As shown in the inner triangle of the figure below, our framework focuses on 3 areas: Network, CPU, and Memory, measured and monitored with the metrics served by Uber’s uMonitor system. The vertices of the outer pentagon indicate the major domains that could be explored for optimization.

Figure 7: the Framework of Performance Tuning

 

The table below briefly explains the techniques and potential impacts of each domain:

Domain Major Impacted Areas Remarks
Parallelism CPU

Memory

Controls the count of containers/works for a streaming job.

Use Cases:

  • If a job’s input rate is 16k/s, and each container could process 2k/s at most, then the parallelism should be at least 8 or 16k / 2k; for the same job, if the Kafka topic has fewer than 8 partitions, then it makes sense to bump the topic’s partitions.
Partition Network

CPU

Memory

Controls how the messages should be grouped by key, and transferred between the upstream and downstream operators. Partition is one of the most important domains, and it impacts all areas as the messages have to be se/der, which takes significant share of CPU, and might trigger more runs of garbage collector, due to the object creation at deserialization.

Use Cases:

  • Be cautious with the skewed partition, which could create hotspots, slowdown, or cause lagging for a streaming pipeline
Remote Call Network

CPU

Controls how an operator of a streaming pipeline interacts with external services or sinks.

Use Cases:

  • If the remote call is the bottleneck, to consider adding Redis cache or in-memory cache
  • Redis cache also involves remote call, which could become a bottleneck when retrieving a cached item with large data size
  • Consider with async
Algorithm CPU It’s reasonable to assume that the impact of algorithms is greatest on the CPU.

Use Cases:

  • Consider sampling the events if the pipeline’s window has large volume of them, such as to sample events for the calculation of percentiles
Garbage Collector Memory

CPU

Use Cases:

  • Reuse the message or object when passing messages between the upstream and downstream operators if possible, to avoid unnecessary object creation/removal
  • Be cautious with unnecessary boxing/unboxing, which could add up when processing high volume data
  • Have pipeline-specific memory management, using pre-allocated memory

Table 2: The Domains of Performance Tuning

Next, we discuss how to optimize the pipeline.

 

Optimizations

We have applied many optimizations onto the streaming pipeline, and some optimization techniques impact on multiple areas as described above. One particular technique, Customized Sliding Window, has a significant impact on all 3 areas, so we have a dedicated section to discuss it, as well as one for storage.

 

Network Optimization

The major optimization techniques are listed in the table below:

Technique Area / Domain Explanations
Fields exclusion Algorithm Raw Kafka messages have many fields that are not used by the streaming pipeline; hence we have a mapper to filter out unused fields at the very beginning of Job DAG.
Key encoding / decoding Algorithm Global product type UUID is used as part of the output key. We encode the UUID (128 bits) with a byte (8 bits) via an internal encoding, and then convert back to UUID: writing the output to sink, which reduces the size for both the memory and the network payload.
Dedup Algorithm We have introduced a 1-Min window to only keep one demand event per distinct rider before the Kring Smooth. The dedup, implemented with a reduce function, has significantly reduced the message rate to be 8k/s for the expensive Kring Smooth calculation. The trade-off is that the dedup window has introduced one more minute to the latency, which is mitigated with other techniques.
Field Type Selection Algorithm We have refactored the algorithm so that we could choose Integer as the data type for the intermediate computation value rather than Double, which further reduces the message size from 451 bytes to 237 bytes.
Merge Window Output Remote Call We could have 2 options when writing the output into sink:

  • Let windows of all supported size (1-32 Min) to directly write into sink
  • Introduce an extra window to merge these windows’ output into a single record first, then write into sink 

We chose the latter, as the former option could only output up to 2M/s to the sink, which simply could not handle this ingestion rate.
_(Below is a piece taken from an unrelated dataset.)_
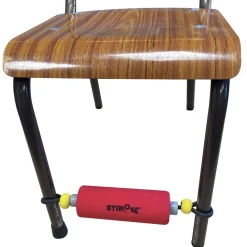 HOPTOYS Attention, Attention Divisee, Concentration<Rouleau De Mouvement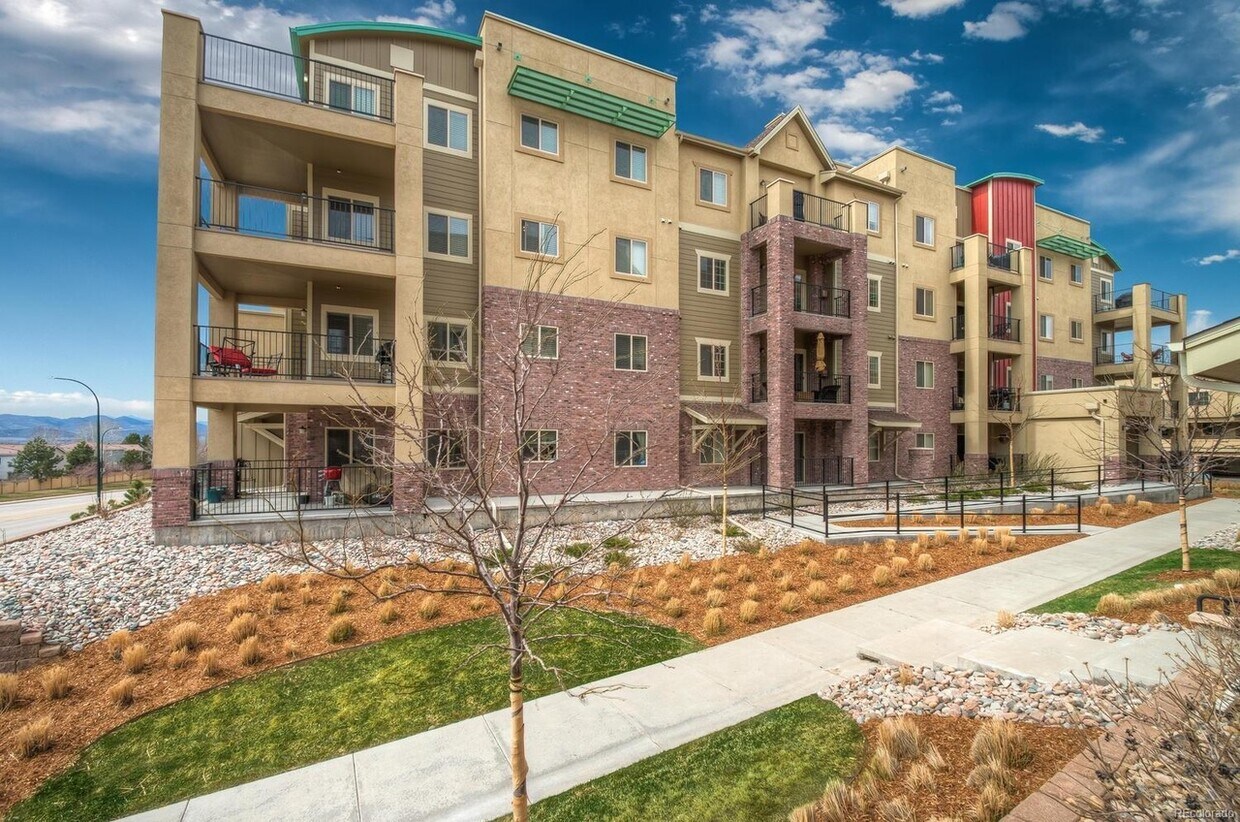 1062 Rockhurst Dr Unit 306, Highlands Ranch, CO 80129 Condo for Rent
Table 3: Techniques of Network Optimization 

As detailed above, the key improvement was to have both fewer and smaller messages.

 

Memory Optimization

The techniques for memory are listed in the table below:

Technique Area / Domain Explanations
Object Reuse Garbage Collector By default, objects are not reused in Flink when passing messages between the upstream and downstream operators. We have enabled the object reuse when possible to avoid message cloning.
Increase Containers Partition Due to the large data volume and states (each container could consume around 6G memory) we have used 128 containers, each with one vcore, for the streaming pipeline.
Key encoding / decoding Algorithm Global product type UUID is used as the key of the output. We encode the UUID (128 bits) with a byte (8 bits) via an internal encoding, and convert back to UUID before writing the output to Sink, which reduces the memory size.
Fields projection Algorithm Raw Kafka messages have many fields that are not used by the streaming pipeline, hence we have a mapper to filter out unused fields at the entry point of Job DAG, reducing messages’ memory load on computation.
Field Type Selection Algorithm We have refactored the algorithm to choose Integer as the data type for the intermediate computation value rather than Double, reducing the message size from 451 to 237 bytes. 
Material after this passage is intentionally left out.